2004-12-28 Thread Bob . Cowdery
Title: RE: built-in 'property'





What I want to achieve is a class whereby I can set the property access per instance so the user can test if a property is present using hasattr(klass,'prop') such that the instance has a given capability that can easily be tested by the user. The actual get/set must also be implemented by functions as there is work to do on property get/set.

This snippet explains.


class OK(object):


    def __init__(self):
    self.__x = 0
    
    def getx(self): return self.__x - 5
    def setx(self, value): self.__x = value + 10
    def delx(self): del self.__x
    
    x = property(getx, setx, delx, "I'm the 'x' property.")


class NOTOK(object):
    
    def __init__(self):
    self.__x = 0
    self.x = property(self.getx, self.setx, self.delx, "I'm the 'x' property.")
    
    def getx(self): return self.__x - 5
    def setx(self, value): self.__x = value + 10
    def delx(self): del self.__x


>>> reload(prop)

>>> ok=prop.OK()
>>> ok.x
-5
>>> ok.x=10
>>> ok.x
15
>>> notok=prop.NOTOK()
>>> notok.x

>>> notok.x=10
>>> notok.x
10


The OK example has the property and it clearly goes through the get/set methods. The NOTOK example creates a property object for x. When I set x it creates a new property x which clearly does not invoke the get/set methods. Am I doing something stupid here?

Regards
Bob


-Original Message-
From: Shalabh Chaturvedi [mailto:[EMAIL PROTECTED]] 
Sent: 28 December 2004 01:11
To: [EMAIL PROTECTED]
Subject: Re: built-in 'property'



[EMAIL PROTECTED] wrote:
> 
> Hi
>  
> Can any one explain how property works. It seems to be fine if 
> executed
> on import i.e. if the property statement is at class scope. 

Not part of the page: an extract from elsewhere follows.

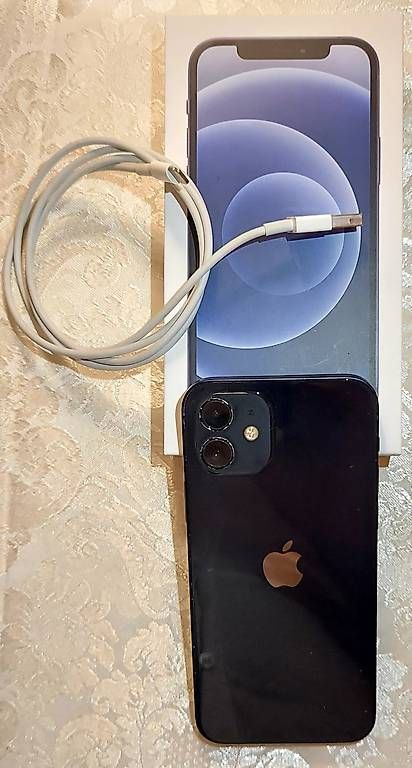 Telefoni cellulari / Smartphones: IPHONE 12 IN OTTIME CONDIZIONI – Usato da Lugano venduto da inf_tw5n 2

Properties are meant to be used at the class scope. A property is a kind 
of descriptor. See http://users.rcn.com/python/download/Descriptor.htm 
for details of descriptors.



> If I put the
> statement inside __init__() then it appears to work ok but when I try to 
> access the property by e.g. klass.x it just tells me it is a property 
> object.


Please show us the code of what you are doing and describe what you are 
trying to do. There are a lot many things one could do with a property 
in __init__(). Mostly properties are just defined at the class scope. 
And rarely would you access klass.x (where x is a property object), 
mostly you would do instance.x.


> Is this statement only designed to work at class scope? I really
> want to set these properties per instance.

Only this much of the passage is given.